We live in a world where people think they can define their own “truth.” At times, we might be tempted to try to “help” God by shading things in his favor. But defending God with lies is never a good idea – and it’s never necessary!
Job, chapters 13-14; Acts, chapters 17-18
Job 13:1-12 (NLT):
“Look, I have seen all this with my own eyes and heard it with my own ears, and now I understand. I know as much as you do. You are no better than I am. As for me, I would speak directly to the Almighty. I want to argue my case with God himself. As for you, you smear me with lies. As physicians, you are worthless quacks! If only you could be silent! That’s the wisest thing you could do. Listen to my charge; pay attention to my arguments.
Are you defending God with lies? Do you make dishonest arguments for his sake? Will you slant your testimony in his favor? Will you argue God’s case for him? What will happen when he finds out what you are doing? Can you fool him as easily as you fool people? No, you will be in trouble with him if you secretly slant your testimony in his favor. Doesn’t his majesty terrify you? Doesn’t your fear of him overwhelm you. Your platitudes are as valuable as ashes. Your defense is as fragile as a clay pot.”
Job has explained to his friends that he has not sinned and has no idea why these disasters have come upon him. His friends argue that he must have sinned, because God doesn’t punish the innocent. Now, Job says that he wants to speak directly to the Almighty…argue my case with God himself.
Of course, both Job and his friends are mistaken. Job believes that God has caused these disasters; chapters 1 and 2 reveal that in fact Satan is responsible for them. Job’s friends also believe that God has caused them. But they error goes further in that they believe that Job’s circumstances are a punishment for wrongdoing. They are wrong, because chapter 1 also tells us that God said that Job was “blameless – a man of complete integrity” (Job 1:8; also 2:3).

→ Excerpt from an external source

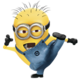 maclinhvpr2's Avatar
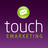 Touch Emarketing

So both Job and his friends were wrong! They argued with each other about things that none of them understood. That’s not surprising; we often argue with each other about things that we don’t understand. And even though Job was right that he had not sinned, he was still wrong. That’s also not surprising; how could we think that we know everything about the Almighty?
Defending God with Lies
In verse 7, Job begins asking his friends a series of questions. The first question caught my attention: Are you defending God with lies? Of course, they were – but they didn’t know that they were lies. They really believed that Job was being punished. Because they knew that God is good, they thought that God would only punish Job if he had done something wrong. So their intentions were good; they were right that God is good; but they were wrong about the rest of it.
Spoiler alert: at the end of the story, God tells them that they were wrong – and blasts them for it (see Job 42:7-8). Job has accurately assessed that they were defending God with lies. And the context of Job’s story makes it clear that defending God with lies is wrong.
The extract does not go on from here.